Literacy Education Changes Mothers’ Lives

By Claire Evans

11/19/2019 Washington D.C. (International Christian Concern)The ideology of the Muslim Brotherhood has defined many villages in Upper Egypt. Violent attacks against Christians are common, but persecution here is defined by more than violence. It is the steady drip of discrimination that locks Christians outside the door of opportunity, leaving many trapped inside an endless cycle of severe generational poverty.

The difficulties that Christian women face are especially severe. Many women are married at a young age, often to deter Muslim suitors and provide better financial stability for their families. Young motherhood leads to lost educational opportunities. Since their husbands are much older, Christian women often find themselves widowed at a young age or needing to provide for the family since their husband no longer can. With their education cut short, opportunities for income are limited.

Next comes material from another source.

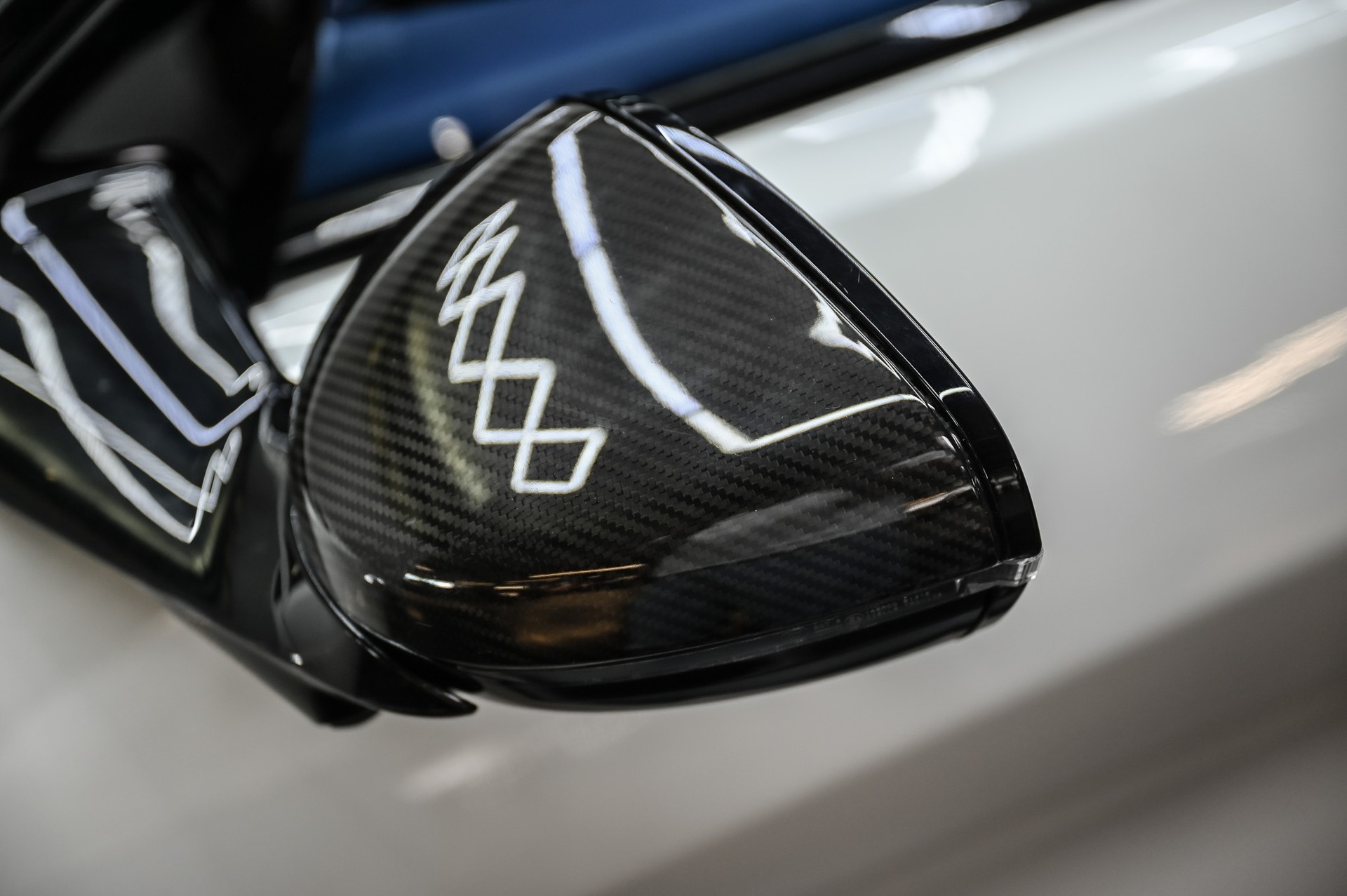 ASTON MARTIN Vanquish 5.2 V12 Bi-Turbo-image-18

ICC’s Hope House program seeks dynamic solutions to these underlying persecution issues. Many of the children attending Hope House’s afterschool educational program had no one at home to support them. The fathers were usually absent; the mothers couldn’t read.

For this reason, ICC began a program which targeted local women whose education was incomplete. The Life School program taught them literacy, and provided each with a vocational skill that allows them to establish an independent source of income. The results were life-changing. In the words of one woman who attended, “This Life School is priceless.”

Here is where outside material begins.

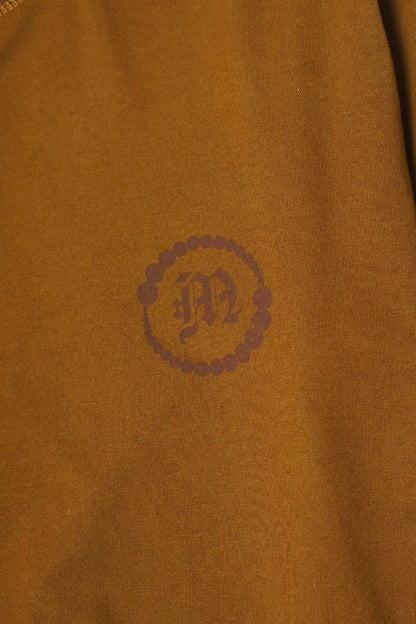 "CROP CIRCLES" MOCK NECK TEE IN RUST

Many of the women expressed some embarrassment when first starting Life School, due to their incomplete education. But they soon realized that they were not alone, and were overwhelmed by the kindness of ICC’s teachers who patiently taught them new skills.

Nawara was one such woman who was amazed by this. She recalled, “I was pronouncing words wrong, and I didn’t know how to write. I was shy to ask anybody to help me to read and write, but here I started learning, and they helped me without feeling shy.”

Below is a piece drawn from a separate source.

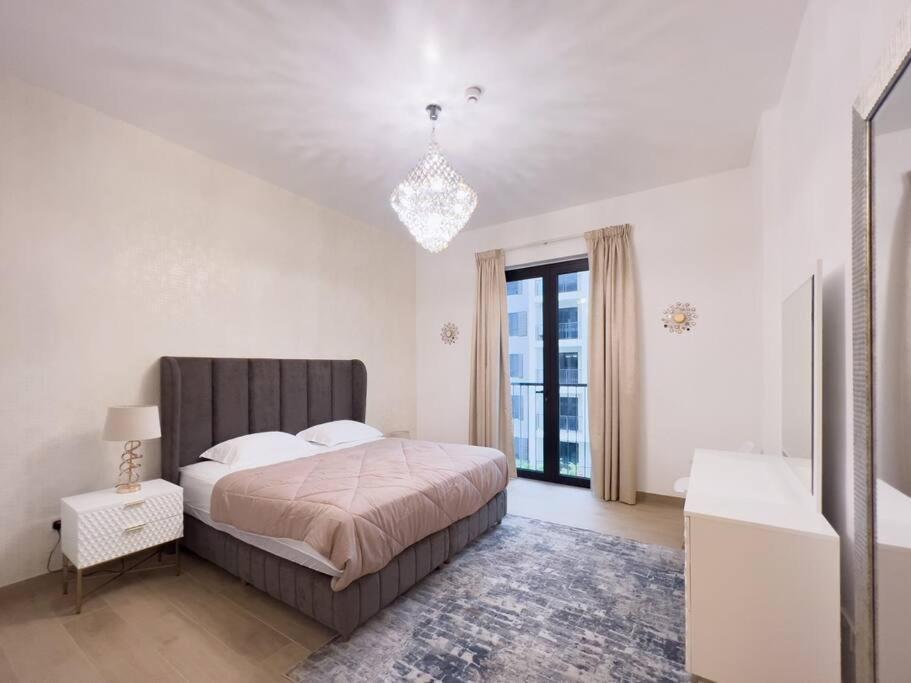 Lovely 2-Bedroom Vacation Home Near Beach Dubai Buitenkant foto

Many shared common stories of how their education was interrupted. “I was deprived of an education,” recalled Rasha. “My father was poor and I could not continue. Then my father had a stoke and became half paralyzed. I had to help him in raising sheep. As the years went by, I was watching my friends going to school and I wished to be able to go with them, but this did not happen. I envied them, and [then] I got married.”

The Life School program was hard work, but Rasha knew the priceless value the program offered. “Then I heard about the Life School, and I was so happy that my dream can come true! I could learn to read and write! I have been through hard moments where people would look down on me, but now I am proud that I wake up early and go with my note book to Life School. I am learning a lot.”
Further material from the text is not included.